PipelineDefinition = {"tasks": List[TaskDefinition], "on_error": Optional[List[TaskDescription]]}

TaskDefinition = {
    "task": <task module name>,
    "name": <optional unique name of the task>,
    "inputs": <list of input objects>,
    "config": <config for the task. Use irisml_show command to find the available configurations.>
}

In the TaskDefinition.inputs and TaskDefinition.config, you cna use the following two variable.

  • $env.<variable_name> This variable will be replaced by the environment variable that was provided as arguments for irisml_run command.
  • $outputs.<task_name>.<field_name> This variable will be replaced by the outputs of the specified previous task.

It raises an exception on runtime if the specified variable was not found.

If a task raised an exception, the tasks specified in on_error field will be executed. The exception object will be assigned to "$env.IRISML_EXCEPTION" variable.

Pipeline cache

Using cache, you can modify and re-run a pipeline config with minimum cost. If the cache is enabled, IrisML will calculate hash values for all task inputs/configs and upload the task outputs to a specified storage. When it found a task with same hash values, it can download the cache and skip the task execution.

To enable cache, you must specify the cache storage location by setting IRISML_CACHE_URL environment variable. Currently Azure Blob Storage and local filesystem is supported.

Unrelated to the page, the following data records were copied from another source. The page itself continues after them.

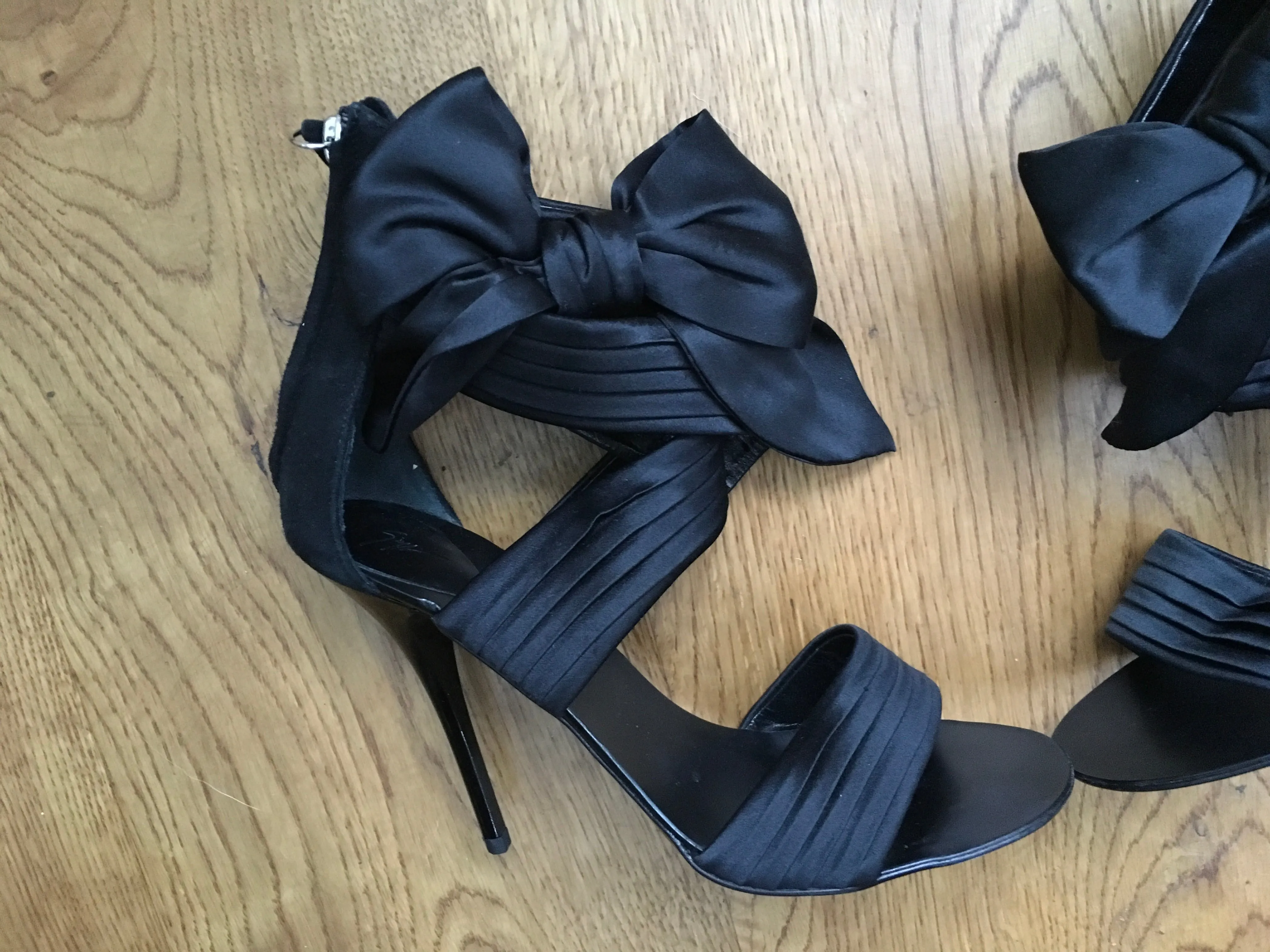 Giuseppe Zanotti E10134 Chiffon-Bow Sandals Ladies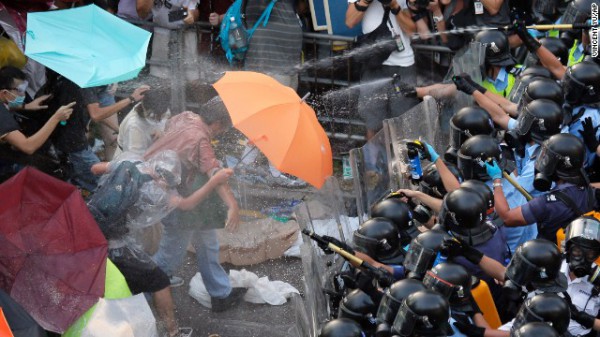 Umbrella revolution: Very useful against pepper spray!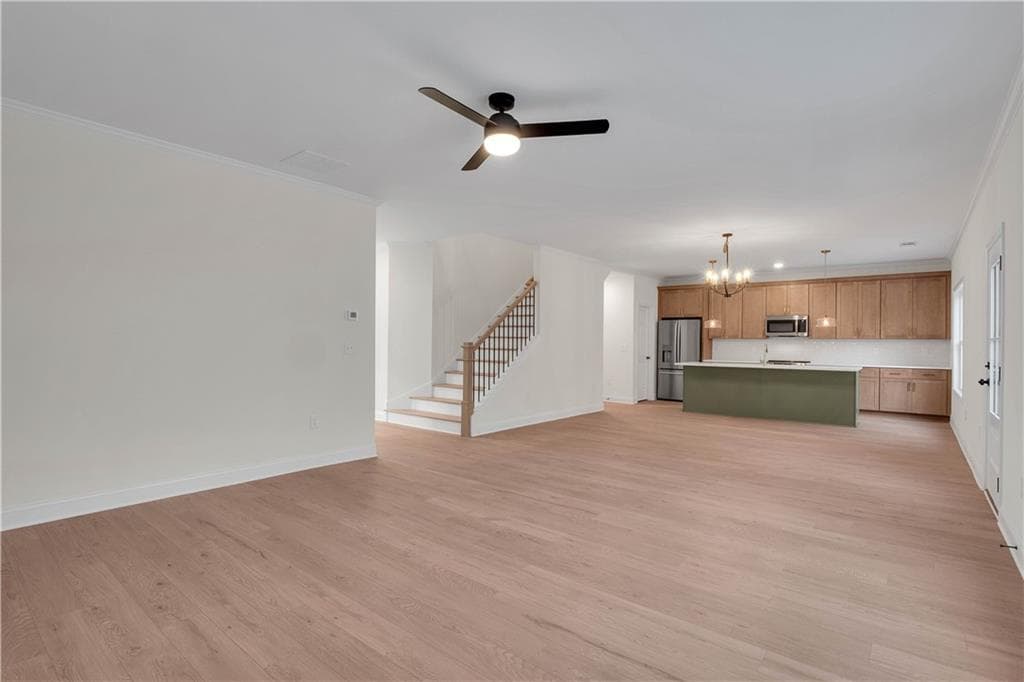 5 bedroom, 3 bathroom, 2,800 sq ft single family residence for sale at 1111 Falkirk Lane, Stone Mountain, GA 30087 — photo 7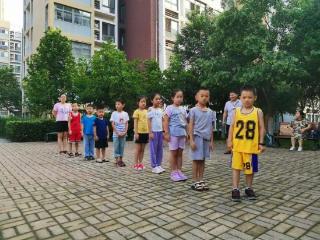 辛词伴蝉鸣，少年逐新光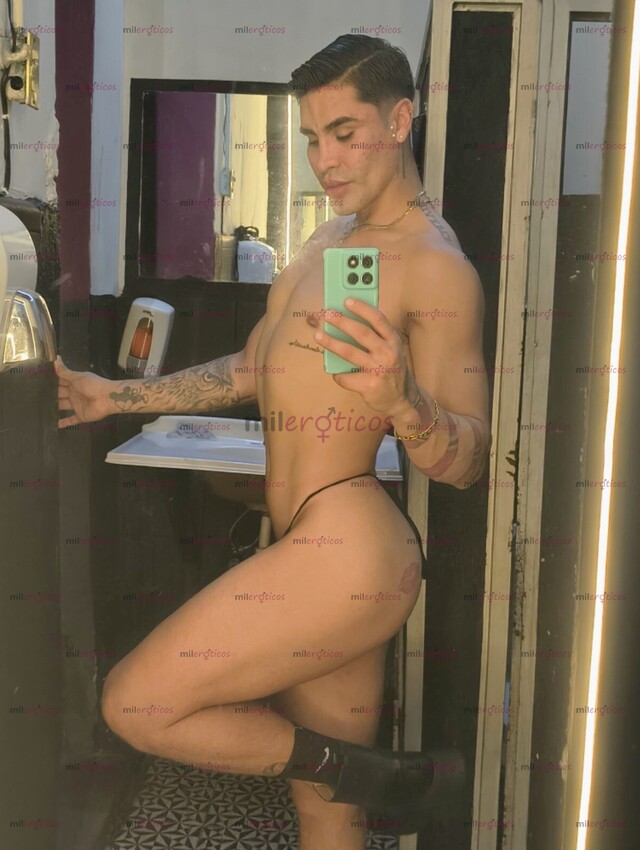 FOTOS DE GIAN REGIO CHAVITO VERGON Y CULON TRATO VIP PARA SOLVENTE$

To use Azure Blob Storage, a container URL must be provided. It the URL contains a SAS token, it will be used for authentication. Otherwise, interactive authentication and Managed Identity authentication will be used.

Python API

To run a pipeline from python code, you can use the following APIs.

import json
import pathlib
from irisml.core import JobRunner

job_description = json.loads(pathlib.Path('example.json').read_text())
runner = JobRunner(job_description)

runner.run({'DATASET_NAME': 'mnist'})

runner.run({'DATASET_NAME': 'cifar10'})

Available official tasks

To show the detailed help for each task, run the following command after installing the package.

irisml_show <task_name>

irisml-tasks

Task Description
assertion Assert the given input.
assign_class_to_strings Assigns a class to a string based on the class name being present in the string.
branch 'If' conditional branch.
calculate_cosine_similarity Calculate cosine similarity between two sets of vectors.
check_model_parameters Check Inf/NaN values in model parameters.
compare Compare two values
deserialize_tensor Deserialize a pytorch tensor.
divide_float Floating point division.
download_azure_blob Download a single blob from Azure Blob Storage.
extract_image_bytes_from_dataset Extract images from a dataset and convert them to bytes.
get_current_time Get the current time in seconds since the epoch
get_dataset_split Get a train/val split of a dataset.
get_dataset_stats Get statistics of a dataset.
get_dataset_subset Get a subset of a dataset.
get_fake_image_classification_dataset Generate a fake image classification dataset.
get_fake_object_detection_dataset Generate a fake object detection dataset.
get_int_from_json_strings Get an integer from a JSON string.
get_item Get an item from the given list.
get_kfold_cross_validation_dataset Get train/test dataset for k-fold cross validation.
get_secret_from_azure_keyvault Get a secret from Azure KeyVault.
get_topk Get the largest Topk values and indices.
join_filepath Join a given dir_path and a filename.
load_state_dict Load a state_dict from various sources.
make_cached_dataset Save dataset cache on disk.
make_prompt_for_each_string Make a prompt for each string.
make_prompt_with_strings Make a prompt with a list of strings.
pickling_object Pickling an object.
print Print or Pretty Print the input object.
print_environment_info Print various environment information to stdout/stderr.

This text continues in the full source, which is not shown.